▶ [TASK REQUIREMENTS]
Set down the lines below, exactly, starting at the one that contains "Schwaiger Sat Anlage" and stopping at the last line, inclusive. Omit pictures.

[Image-text web data]

○ ○ ○ ○ ○

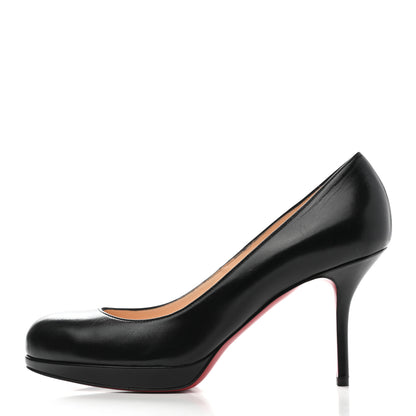Christian Louboutin Kid Prorata 90 Pumps 38 Black 1 of 8
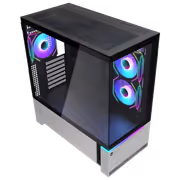 Evetech Reeve WS462B ARGB Mid-Tower Case — Silver, 6 ARGB Fans - image 16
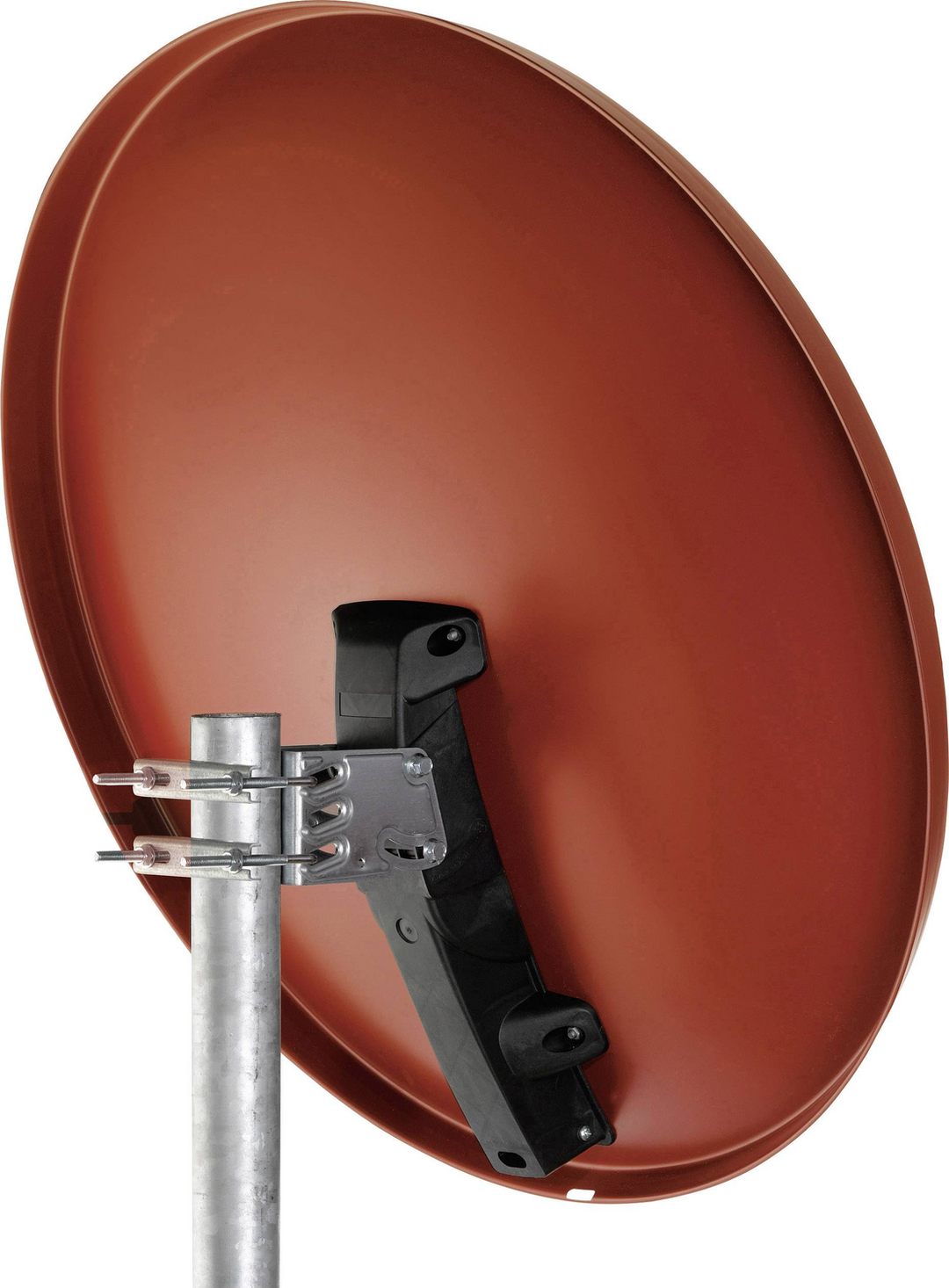 Schwaiger Sat Anlage Spiegel Ziegelrot Satellitenempfang Quad Lnb Ziegelrot B-Ware - 4004005113518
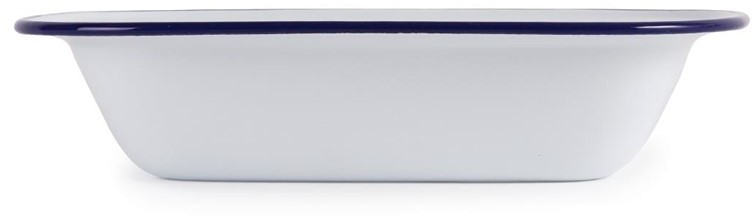  Olympia Plat de service rectangulaire acier &eacute;maill&eacute; 280x190x55mm lot de 6 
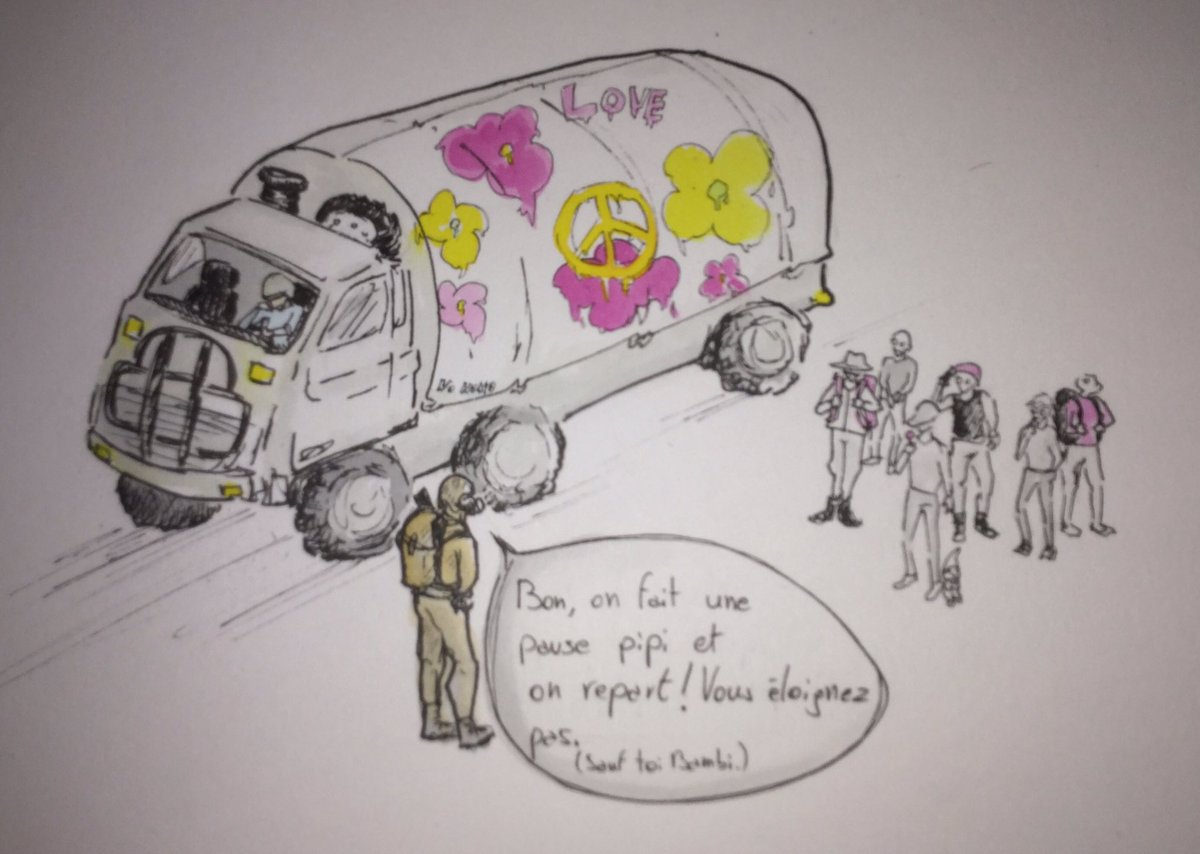 InkandSteel_'s tweet image. "Le camion des potes", colonie de vacances en milieu hostile! @WankilStudio @laink @terracid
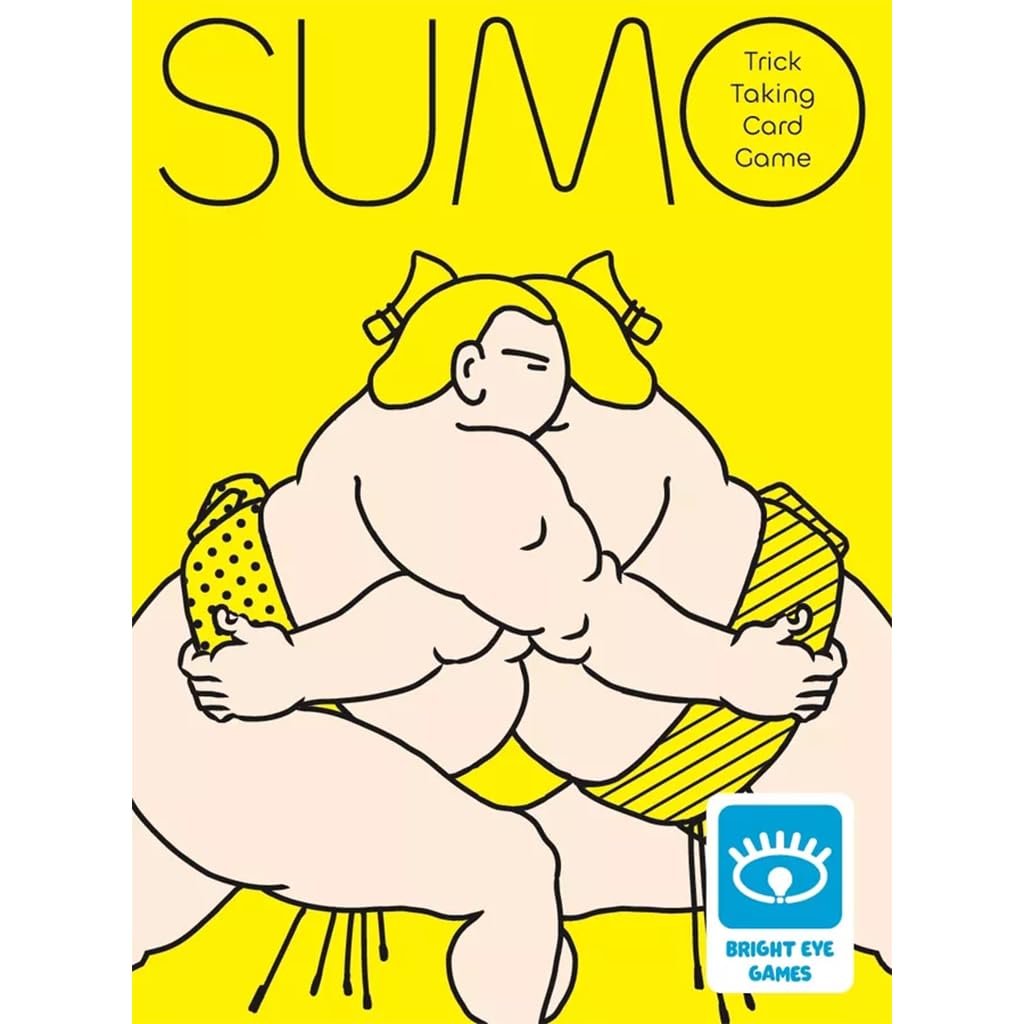 Bright Eye Games SUMO Trick-Taking Card Game | 2 Players | Ages 10+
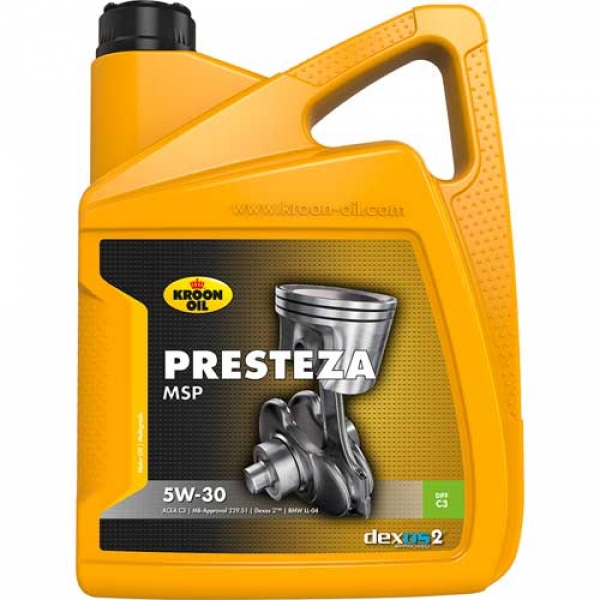 Kroon Synthetische motorolie 5W-30. Can 5 Ltr.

○ ○ ○ ○ ○

▶ [OUTPUT]
 Schwaiger Sat Anlage Spiegel Ziegelrot Satellitenempfang Quad Lnb Ziegelrot B-Ware - 4004005113518
  Olympia Plat de service rectangulaire acier &eacute;maill&eacute; 280x190x55mm lot de 6 
 InkandSteel_'s tweet image. "Le camion des potes", colonie de vacances en milieu hostile! @WankilStudio @laink @terracid
 Bright Eye Games SUMO Trick-Taking Card Game | 2 Players | Ages 10+
 Kroon Synthetische motorolie 5W-30. Can 5 Ltr.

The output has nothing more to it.